→ **What you should do**:
From the first line to the last, reproduce the records exactly.

*** Block opens ***

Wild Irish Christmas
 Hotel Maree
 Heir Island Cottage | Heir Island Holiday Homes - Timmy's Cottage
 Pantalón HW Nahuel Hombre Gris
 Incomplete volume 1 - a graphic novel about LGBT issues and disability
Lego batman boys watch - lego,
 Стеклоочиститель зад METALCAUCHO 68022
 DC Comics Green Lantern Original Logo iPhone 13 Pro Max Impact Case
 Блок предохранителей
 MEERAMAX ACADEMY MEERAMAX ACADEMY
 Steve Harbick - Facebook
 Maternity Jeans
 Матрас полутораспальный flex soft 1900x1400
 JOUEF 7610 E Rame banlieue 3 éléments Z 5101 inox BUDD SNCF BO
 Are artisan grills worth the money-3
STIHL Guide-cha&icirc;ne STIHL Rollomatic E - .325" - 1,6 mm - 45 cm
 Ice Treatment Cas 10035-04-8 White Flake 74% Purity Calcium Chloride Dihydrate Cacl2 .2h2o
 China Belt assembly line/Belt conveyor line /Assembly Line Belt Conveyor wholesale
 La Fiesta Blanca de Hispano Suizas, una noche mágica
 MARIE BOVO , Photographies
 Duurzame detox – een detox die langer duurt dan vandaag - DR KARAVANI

*** Block closes ***

→ **Answer space**:
Wild Irish Christmas
 Hotel Maree
 Heir Island Cottage | Heir Island Holiday Homes - Timmy's Cottage
 Pantalón HW Nahuel Hombre Gris
 Incomplete volume 1 - a graphic novel about LGBT issues and disability
Lego batman boys watch - lego,
 Стеклоочиститель зад METALCAUCHO 68022
 DC Comics Green Lantern Original Logo iPhone 13 Pro Max Impact Case
 Блок предохранителей
 MEERAMAX ACADEMY MEERAMAX ACADEMY
 Steve Harbick - Facebook
 Maternity Jeans
 Матрас полутораспальный flex soft 1900x1400
 JOUEF 7610 E Rame banlieue 3 éléments Z 5101 inox BUDD SNCF BO
 Are artisan grills worth the money-3
STIHL Guide-cha&icirc;ne STIHL Rollomatic E - .325" - 1,6 mm - 45 cm
 Ice Treatment Cas 10035-04-8 White Flake 74% Purity Calcium Chloride Dihydrate Cacl2 .2h2o
 China Belt assembly line/Belt conveyor line /Assembly Line Belt Conveyor wholesale
 La Fiesta Blanca de Hispano Suizas, una noche mágica
 MARIE BOVO , Photographies
 Duurzame detox – een detox die langer duurt dan vandaag - DR KARAVANI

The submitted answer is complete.